● **THE DATA**:

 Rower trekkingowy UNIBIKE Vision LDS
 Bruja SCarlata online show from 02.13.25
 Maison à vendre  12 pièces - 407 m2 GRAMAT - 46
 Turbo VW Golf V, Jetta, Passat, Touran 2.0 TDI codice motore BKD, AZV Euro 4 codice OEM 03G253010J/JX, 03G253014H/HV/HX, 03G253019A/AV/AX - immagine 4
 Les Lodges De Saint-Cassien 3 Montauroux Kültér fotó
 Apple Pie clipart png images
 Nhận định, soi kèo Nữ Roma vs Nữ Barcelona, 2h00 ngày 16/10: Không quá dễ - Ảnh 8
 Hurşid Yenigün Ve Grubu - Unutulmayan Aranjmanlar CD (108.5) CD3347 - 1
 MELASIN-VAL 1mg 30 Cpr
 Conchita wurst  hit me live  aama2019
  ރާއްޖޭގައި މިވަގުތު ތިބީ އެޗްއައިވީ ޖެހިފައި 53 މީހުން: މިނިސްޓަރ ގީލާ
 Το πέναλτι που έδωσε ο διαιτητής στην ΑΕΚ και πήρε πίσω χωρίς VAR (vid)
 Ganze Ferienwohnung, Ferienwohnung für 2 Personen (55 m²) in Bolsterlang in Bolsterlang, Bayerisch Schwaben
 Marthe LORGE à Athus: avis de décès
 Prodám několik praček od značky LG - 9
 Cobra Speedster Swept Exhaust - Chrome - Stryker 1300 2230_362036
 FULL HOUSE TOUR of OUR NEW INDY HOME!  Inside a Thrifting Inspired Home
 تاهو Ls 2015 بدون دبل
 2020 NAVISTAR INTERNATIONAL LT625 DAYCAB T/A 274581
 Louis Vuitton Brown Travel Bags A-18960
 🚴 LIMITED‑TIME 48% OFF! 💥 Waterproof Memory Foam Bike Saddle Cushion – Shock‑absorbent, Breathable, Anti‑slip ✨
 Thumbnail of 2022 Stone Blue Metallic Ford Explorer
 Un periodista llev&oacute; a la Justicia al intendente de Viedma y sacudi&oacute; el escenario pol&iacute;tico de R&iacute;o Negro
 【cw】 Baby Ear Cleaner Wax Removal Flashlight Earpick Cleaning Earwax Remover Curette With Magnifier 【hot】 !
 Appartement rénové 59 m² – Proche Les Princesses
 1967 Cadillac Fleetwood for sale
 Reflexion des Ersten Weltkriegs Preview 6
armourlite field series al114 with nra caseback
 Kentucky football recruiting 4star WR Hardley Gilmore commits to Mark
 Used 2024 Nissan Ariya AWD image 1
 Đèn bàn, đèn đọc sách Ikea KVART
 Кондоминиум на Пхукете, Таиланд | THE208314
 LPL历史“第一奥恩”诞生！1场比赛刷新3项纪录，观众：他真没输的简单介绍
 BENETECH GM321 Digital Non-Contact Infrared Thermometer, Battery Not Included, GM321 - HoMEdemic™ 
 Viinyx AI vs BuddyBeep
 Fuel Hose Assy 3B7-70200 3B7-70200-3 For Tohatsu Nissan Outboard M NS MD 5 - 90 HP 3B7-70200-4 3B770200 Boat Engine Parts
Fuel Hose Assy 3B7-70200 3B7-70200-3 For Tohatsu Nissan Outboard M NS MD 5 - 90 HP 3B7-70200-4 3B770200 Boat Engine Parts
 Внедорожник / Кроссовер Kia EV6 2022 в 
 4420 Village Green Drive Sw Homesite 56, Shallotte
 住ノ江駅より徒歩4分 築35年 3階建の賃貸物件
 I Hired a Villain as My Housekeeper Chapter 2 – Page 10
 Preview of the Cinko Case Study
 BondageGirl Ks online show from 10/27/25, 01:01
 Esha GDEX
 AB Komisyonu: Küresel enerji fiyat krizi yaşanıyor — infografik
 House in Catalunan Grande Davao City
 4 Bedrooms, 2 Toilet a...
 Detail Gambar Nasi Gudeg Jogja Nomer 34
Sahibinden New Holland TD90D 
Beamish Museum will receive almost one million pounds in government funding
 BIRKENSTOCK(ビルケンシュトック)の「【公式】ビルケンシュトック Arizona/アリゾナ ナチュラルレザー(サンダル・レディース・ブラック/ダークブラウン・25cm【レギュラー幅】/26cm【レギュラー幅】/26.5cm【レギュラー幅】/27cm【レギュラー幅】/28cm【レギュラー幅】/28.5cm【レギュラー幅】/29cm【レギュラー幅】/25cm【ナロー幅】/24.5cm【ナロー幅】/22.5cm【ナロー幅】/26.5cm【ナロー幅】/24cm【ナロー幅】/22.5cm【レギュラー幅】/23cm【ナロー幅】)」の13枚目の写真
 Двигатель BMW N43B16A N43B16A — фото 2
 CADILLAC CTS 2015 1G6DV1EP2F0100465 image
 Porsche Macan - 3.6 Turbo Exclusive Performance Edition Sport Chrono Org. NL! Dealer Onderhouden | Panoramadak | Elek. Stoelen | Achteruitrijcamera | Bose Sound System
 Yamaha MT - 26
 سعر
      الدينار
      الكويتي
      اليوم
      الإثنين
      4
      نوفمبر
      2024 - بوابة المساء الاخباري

● **YOUR ASSIGNMENT**: Please, from the material above, copy only the lines from the line with "Maison à vendre" up to and including the line with "Το πέναλτι που", exactly as written.

● **ANSWER BOX**:
 Maison à vendre  12 pièces - 407 m2 GRAMAT - 46
 Turbo VW Golf V, Jetta, Passat, Touran 2.0 TDI codice motore BKD, AZV Euro 4 codice OEM 03G253010J/JX, 03G253014H/HV/HX, 03G253019A/AV/AX - immagine 4
 Les Lodges De Saint-Cassien 3 Montauroux Kültér fotó
 Apple Pie clipart png images
 Nhận định, soi kèo Nữ Roma vs Nữ Barcelona, 2h00 ngày 16/10: Không quá dễ - Ảnh 8
 Hurşid Yenigün Ve Grubu - Unutulmayan Aranjmanlar CD (108.5) CD3347 - 1
 MELASIN-VAL 1mg 30 Cpr
 Conchita wurst  hit me live  aama2019
  ރާއްޖޭގައި މިވަގުތު ތިބީ އެޗްއައިވީ ޖެހިފައި 53 މީހުން: މިނިސްޓަރ ގީލާ
 Το πέναλτι που έδωσε ο διαιτητής στην ΑΕΚ και πήρε πίσω χωρίς VAR (vid)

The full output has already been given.